If you are a general contractor or a subcontractor who is having trouble getting paid for the work you have performed or the supplies you have provided for a construction project, a construction lien, also known as a mechanic’s lien, is a good tool for you to use. The law in New Jersey has very strict requirements for how you go about getting such a lien, however. If you do not file the correct forms, obtain service of process correctly or file for one beyond the allowed time frame, you may permanently lose your ability to place a lien against the property.
What Construction Liens Do
A mechanic’s lien is a lien that a subcontractor or contractor can file against a property owner’s property when they have not been paid for their work or supplies. With a mechanic’s lien, the contractor or subcontractor may force the property owner to sell the property in order to receive the payment owed to them. In most cases, a property owner will pay the lien amount in order to avoid a forced sale. A lien may also make it more difficult for them to be able to sell the property in the future without first paying their owed balance.
Process for Construction Liens in New Jersey
Like all other states, New Jersey has a specific process contractors and subcontractors must follow in order to obtain enforceable construction liens. The New Jersey process is outlined at NJ Rev Stat § 2A:44A-6. They must first use the statutory lien claim form as described by § 2A:44A-8. This form must be completed in its entirety and subscribed to under oath. It must include the contractor’s identifying information, the work performed, the amount called for in the contract and the amount owed by the owner. It will also not be enforceable if it is not filed in the manner outlined under the law. After filing, the property owner must be properly served by process or the lien will not be enforced.
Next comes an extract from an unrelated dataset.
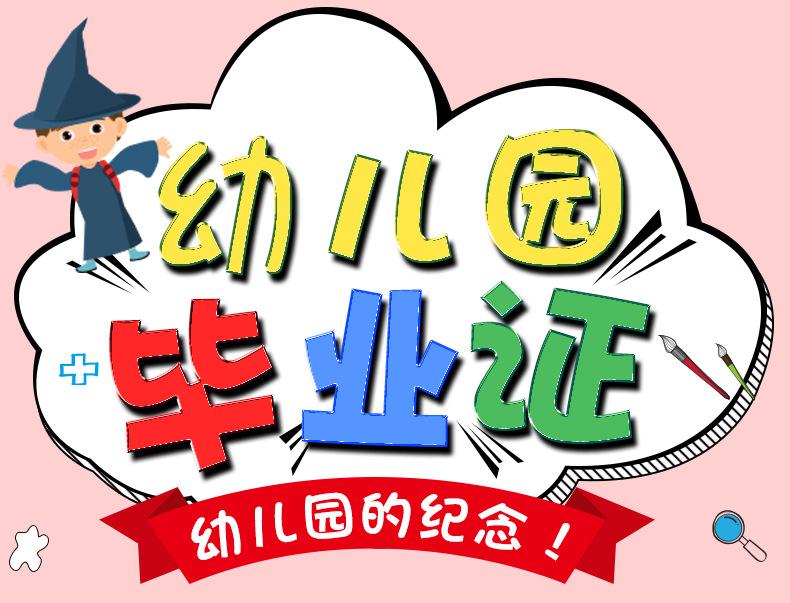 11换.jpg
Statutory Deadlines for Filing Construction Liens
There are different deadlines in New Jersey for when a lien notice must be filed for commercial and residential construction projects. Commercial projects require that the lien be filed within 90 days. Residential liens have more stringent requirements. Contractors or subcontractors must first file a notice of unpaid balance within 60 days. The lien itself must be filed within 120 days of the work’s completion or the date the supplies were provided or else it will not be enforceable. Lien law frequently changes. One important thing for you to understand is the deadlines are very strict. If you have not been paid for your work or supplies, it is important for you to act quickly so you do not lose your enforcement rights.